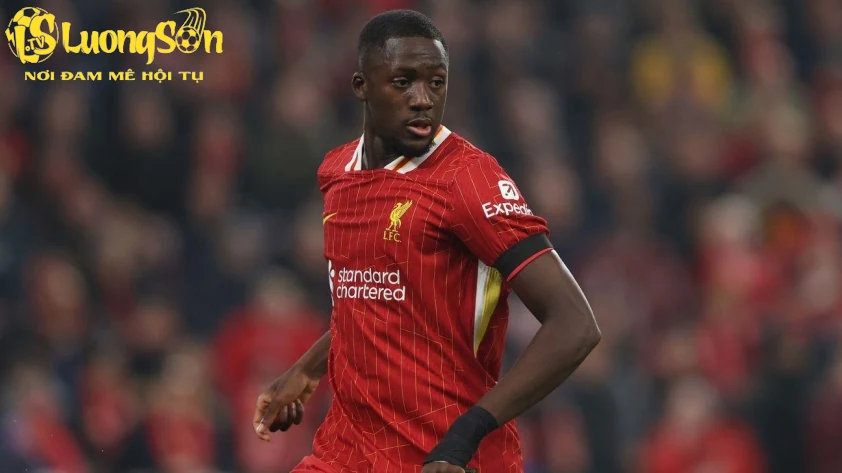 Konate nổi lên như một trong những trung vệ xuất sắc nhất Liverpool (ảnh: ESPN).
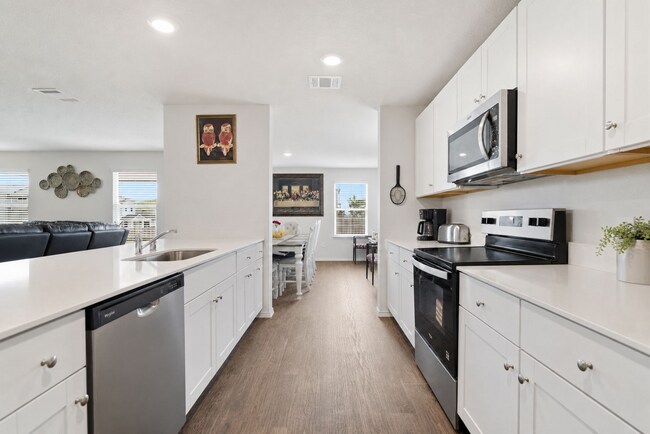 Building Photo - New 4-bed 3-bath home available near Lackland AFB! Move in Now!
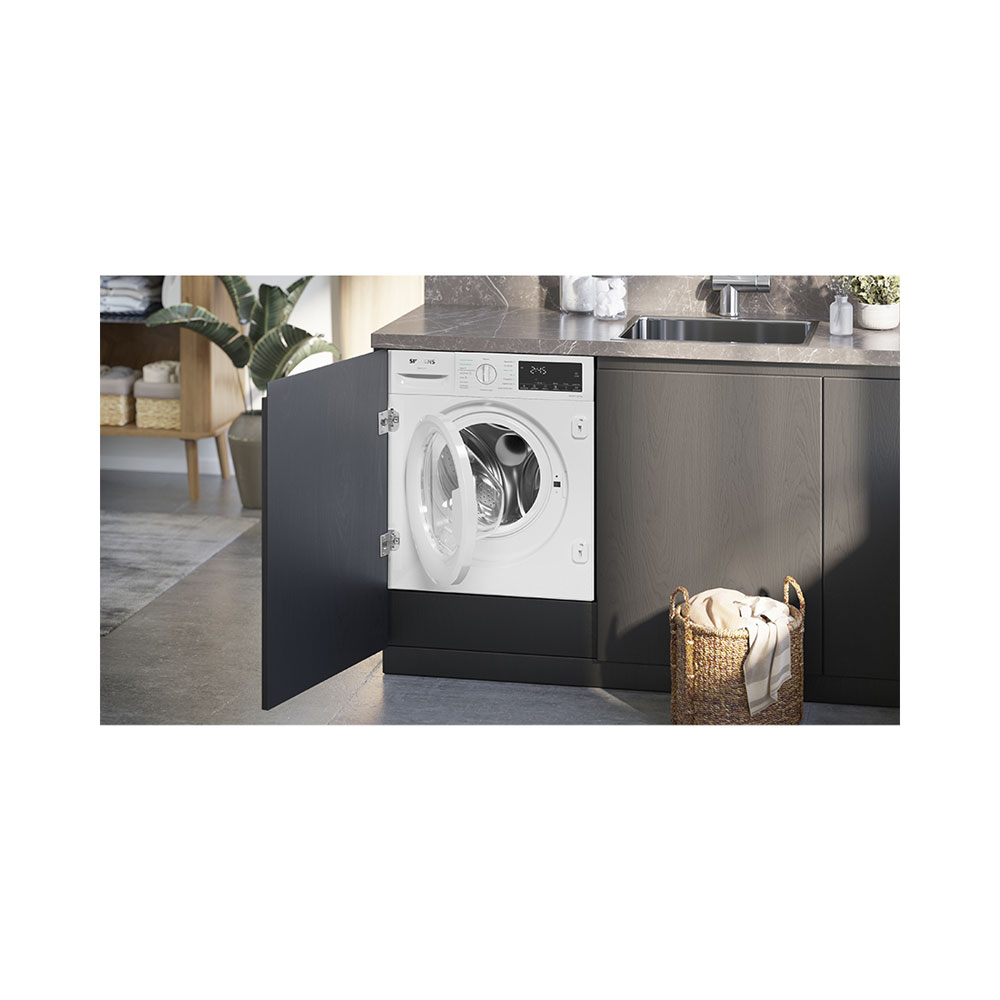 Lave-linge blanc intégré dans un meuble de cuisine sombre avec porte ouverte, à côté un panier de linge.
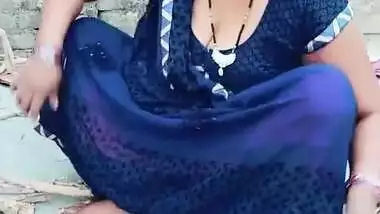 Bhabi Hot Boobs Show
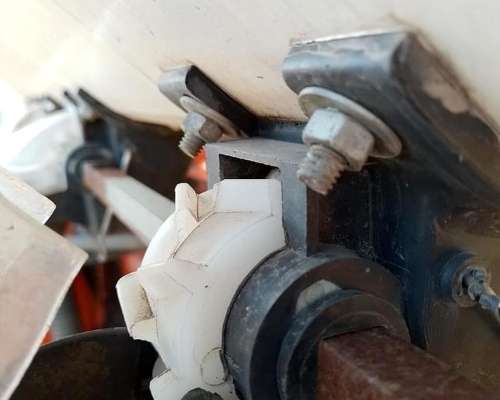 Barra Fertilizadora de 12 Surcos a 70 o 14 Surcos a 525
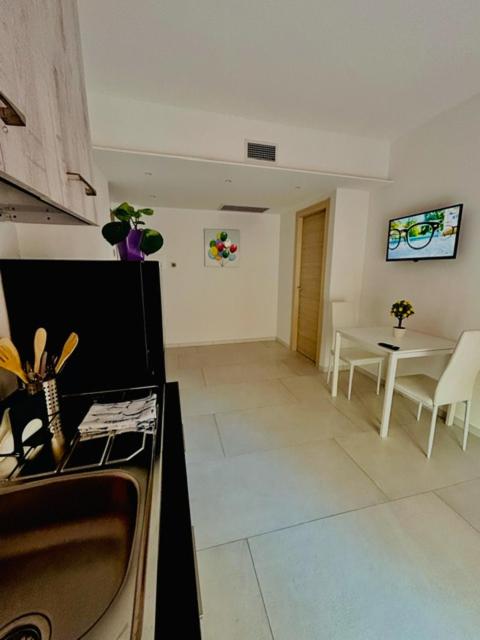Aqua Marine B&B - Rooms and Apartments - Ampia Camera Matrimoniale - 8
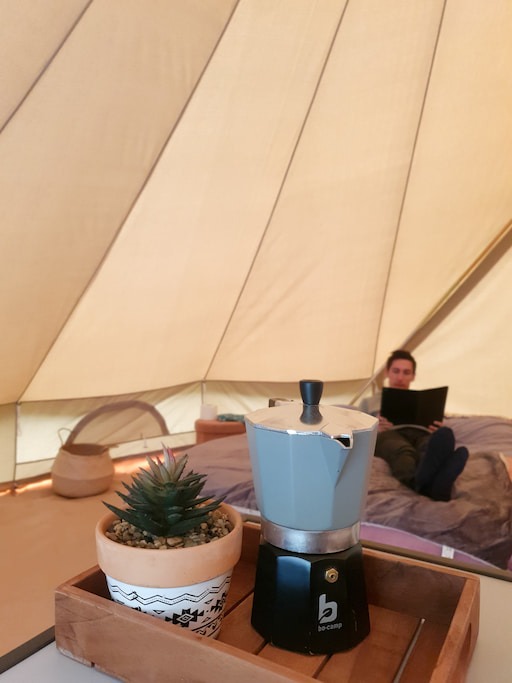 Glamping in de Belgische Ardennen: overnachten in een tipi tent
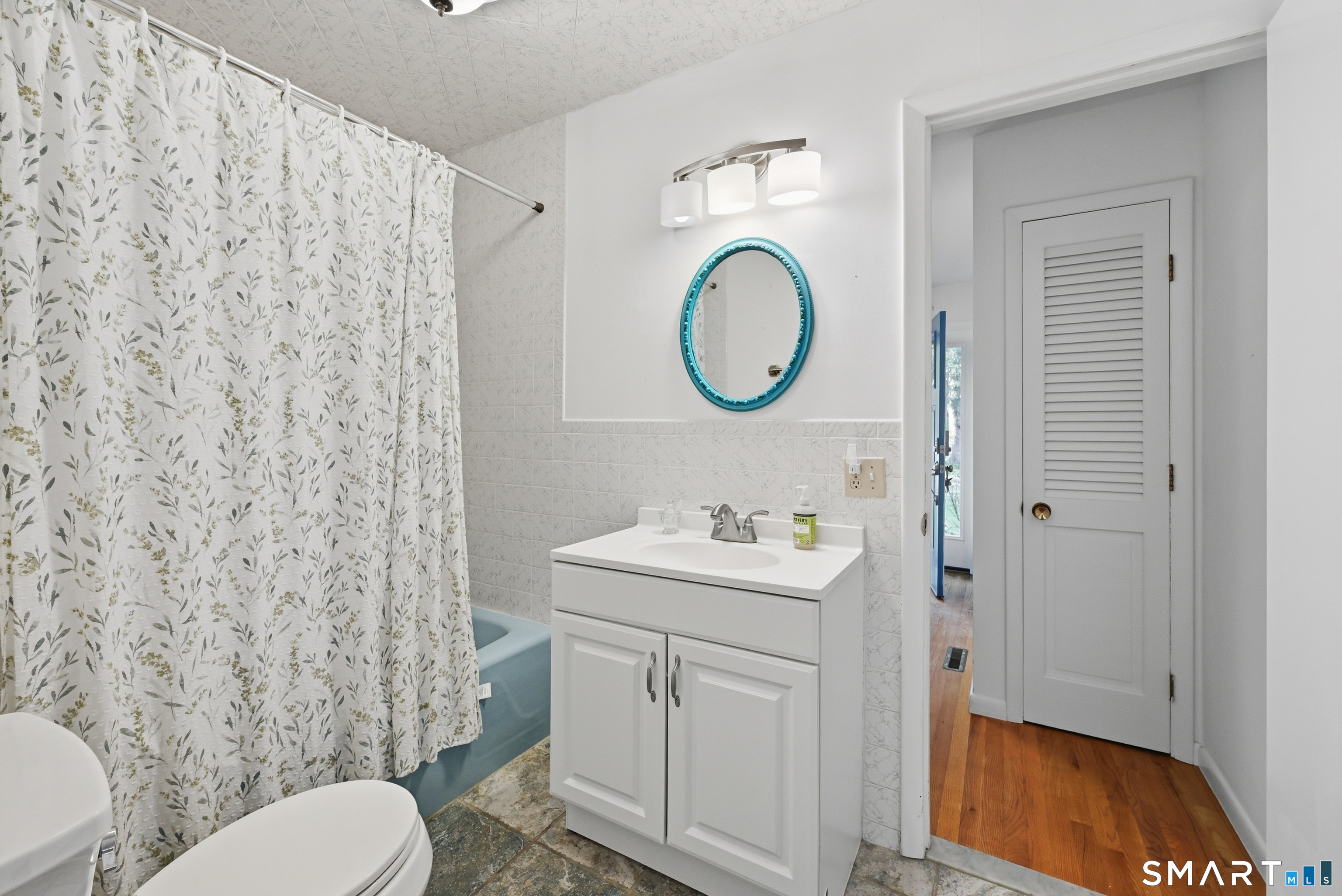 4 Carol Street Danbury CT 06810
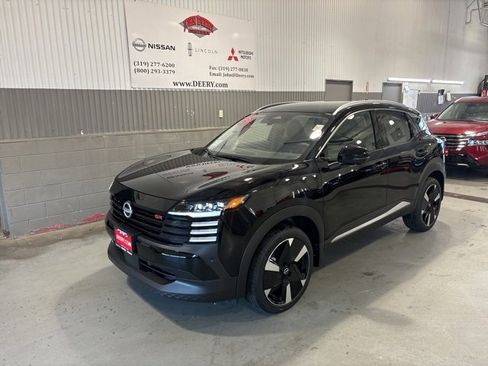 New 2025 Nissan Kicks SR image 9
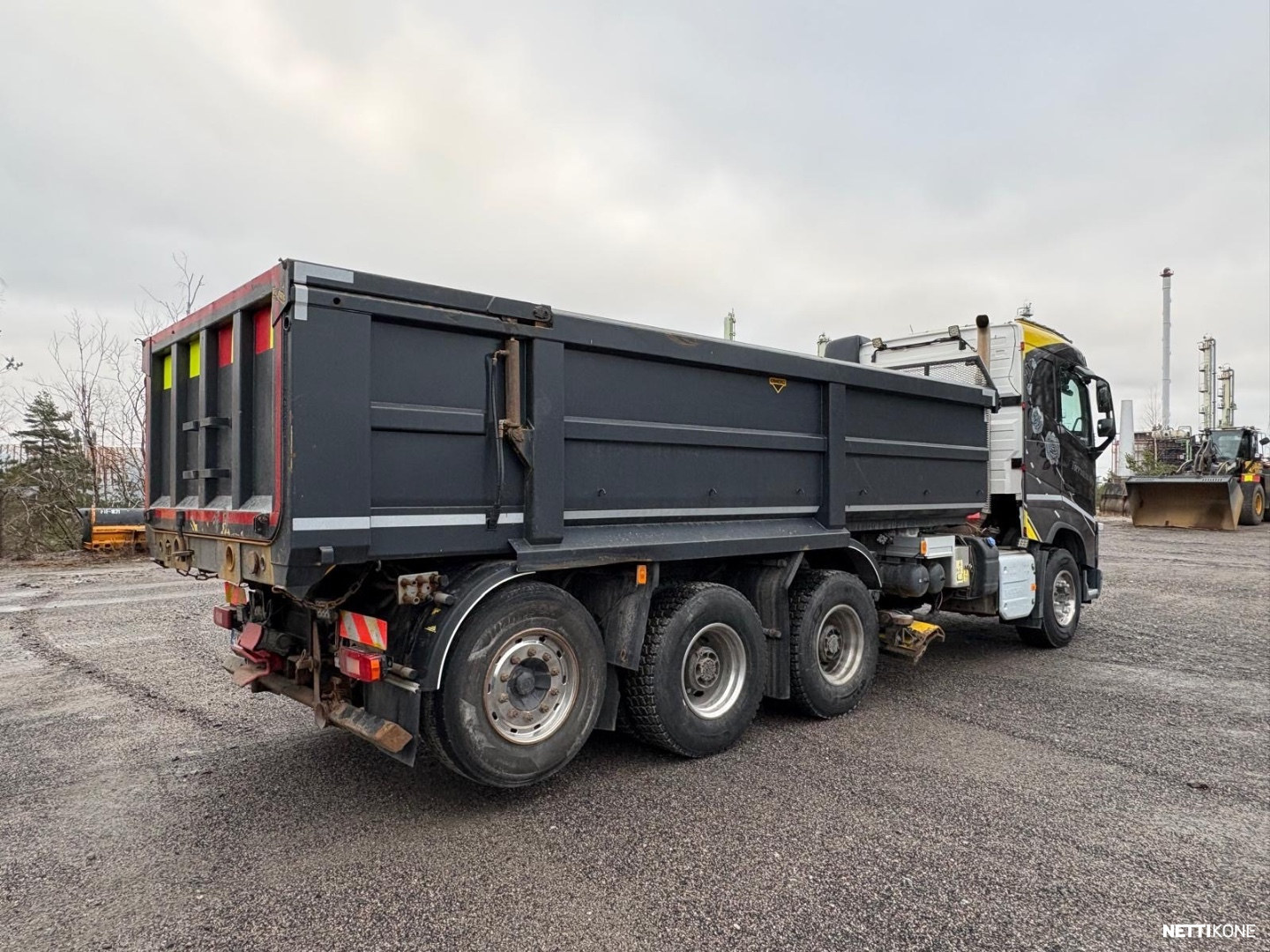 Volvo MYYTY !!FH540 PERÄVAUNU KOME* AURAVARUSTEET* SUOLAKONTTI* SIVUAURA 2018 - Image 6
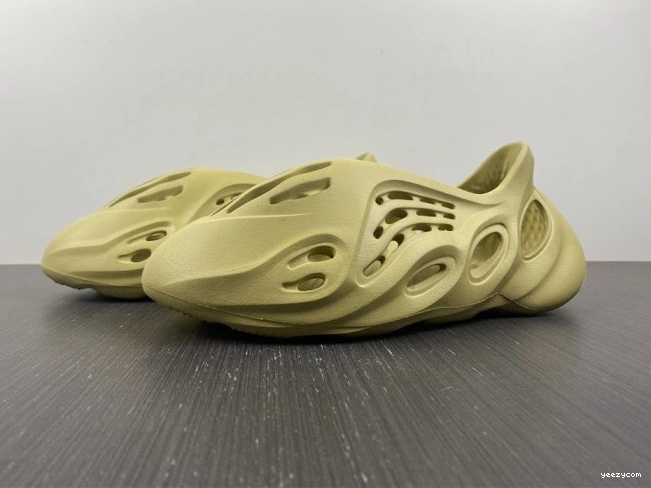 RNNR Foam Adidas Yeezy Sulfur GV6775 0802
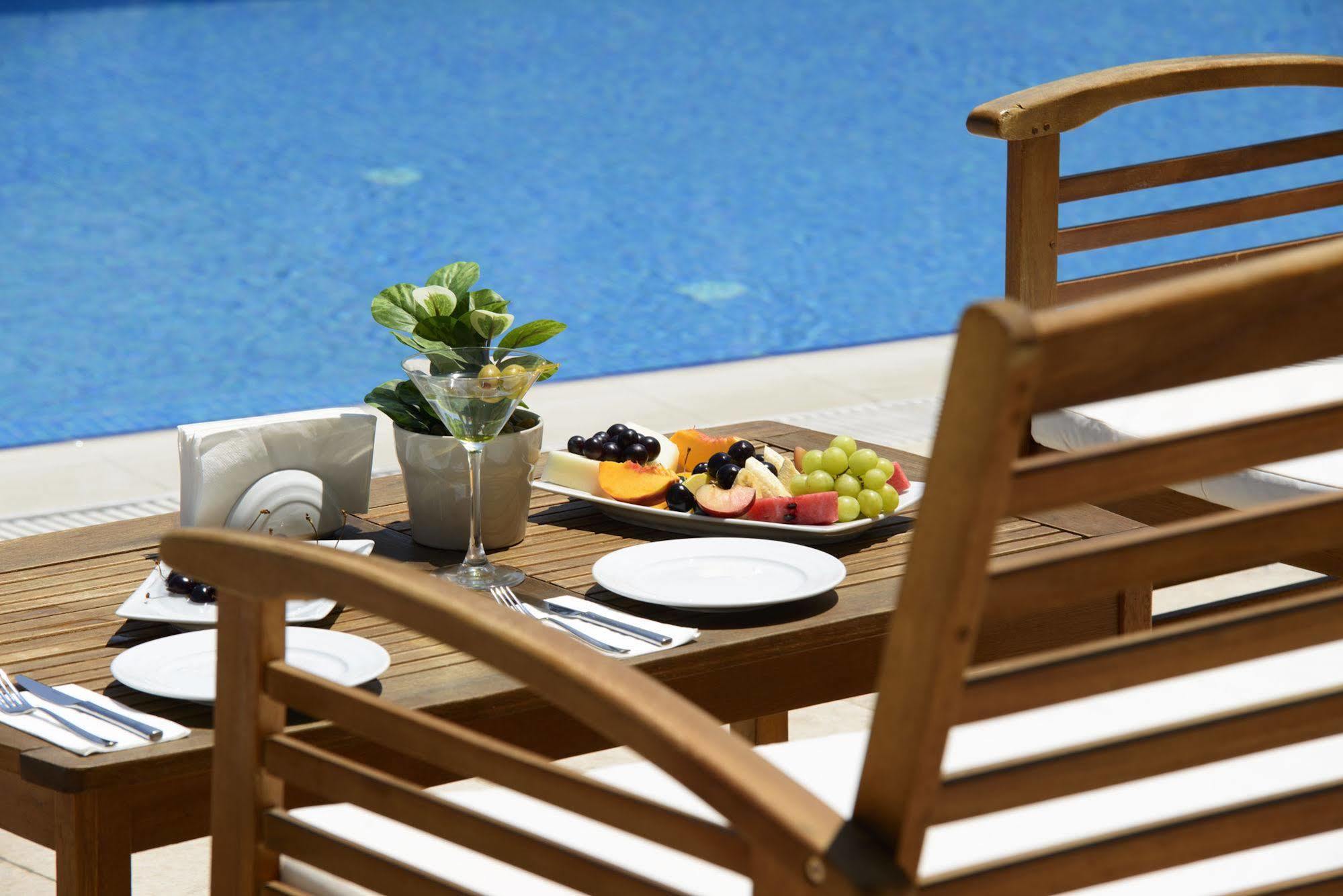 North Point Hotel Деницли Экстерьер фото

---------------

## TASK PROMPT
Take the lines from the one holding "Glamping in de" through the final line of the records above and output them exactly, both ends included, excluding pictures.

## ANSWER SPACE
 Glamping in de Belgische Ardennen: overnachten in een tipi tent
 4 Carol Street Danbury CT 06810
 New 2025 Nissan Kicks SR image 9
 Volvo MYYTY !!FH540 PERÄVAUNU KOME* AURAVARUSTEET* SUOLAKONTTI* SIVUAURA 2018 - Image 6
 RNNR Foam Adidas Yeezy Sulfur GV6775 0802
 North Point Hotel Деницли Экстерьер фото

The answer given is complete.